## What is expected
Write out the data below in full. Keep it exact.

## Excerpted data
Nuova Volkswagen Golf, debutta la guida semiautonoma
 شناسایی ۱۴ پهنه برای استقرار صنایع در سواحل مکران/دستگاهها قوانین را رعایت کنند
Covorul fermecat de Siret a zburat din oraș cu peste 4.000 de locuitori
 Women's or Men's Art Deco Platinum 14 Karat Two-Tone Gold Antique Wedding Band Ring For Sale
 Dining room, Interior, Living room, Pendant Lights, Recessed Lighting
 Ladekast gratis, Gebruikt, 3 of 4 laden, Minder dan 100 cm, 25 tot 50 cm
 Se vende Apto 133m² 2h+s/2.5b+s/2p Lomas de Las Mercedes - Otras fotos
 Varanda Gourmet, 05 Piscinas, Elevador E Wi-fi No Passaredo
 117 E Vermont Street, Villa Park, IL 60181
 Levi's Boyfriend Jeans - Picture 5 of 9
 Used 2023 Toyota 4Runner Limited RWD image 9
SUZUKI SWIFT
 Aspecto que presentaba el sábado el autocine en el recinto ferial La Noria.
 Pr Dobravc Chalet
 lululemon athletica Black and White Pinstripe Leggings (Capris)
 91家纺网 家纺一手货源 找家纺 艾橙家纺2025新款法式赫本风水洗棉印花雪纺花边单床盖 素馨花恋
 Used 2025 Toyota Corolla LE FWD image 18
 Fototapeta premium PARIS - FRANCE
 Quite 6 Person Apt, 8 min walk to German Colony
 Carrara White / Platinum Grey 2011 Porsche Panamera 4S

## Result below
Nuova Volkswagen Golf, debutta la guida semiautonoma
 شناسایی ۱۴ پهنه برای استقرار صنایع در سواحل مکران/دستگاهها قوانین را رعایت کنند
Covorul fermecat de Siret a zburat din oraș cu peste 4.000 de locuitori
 Women's or Men's Art Deco Platinum 14 Karat Two-Tone Gold Antique Wedding Band Ring For Sale
 Dining room, Interior, Living room, Pendant Lights, Recessed Lighting
 Ladekast gratis, Gebruikt, 3 of 4 laden, Minder dan 100 cm, 25 tot 50 cm
 Se vende Apto 133m² 2h+s/2.5b+s/2p Lomas de Las Mercedes - Otras fotos
 Varanda Gourmet, 05 Piscinas, Elevador E Wi-fi No Passaredo
 117 E Vermont Street, Villa Park, IL 60181
 Levi's Boyfriend Jeans - Picture 5 of 9
 Used 2023 Toyota 4Runner Limited RWD image 9
SUZUKI SWIFT
 Aspecto que presentaba el sábado el autocine en el recinto ferial La Noria.
 Pr Dobravc Chalet
 lululemon athletica Black and White Pinstripe Leggings (Capris)
 91家纺网 家纺一手货源 找家纺 艾橙家纺2025新款法式赫本风水洗棉印花雪纺花边单床盖 素馨花恋
 Used 2025 Toyota Corolla LE FWD image 18
 Fototapeta premium PARIS - FRANCE
 Quite 6 Person Apt, 8 min walk to German Colony
 Carrara White / Platinum Grey 2011 Porsche Panamera 4S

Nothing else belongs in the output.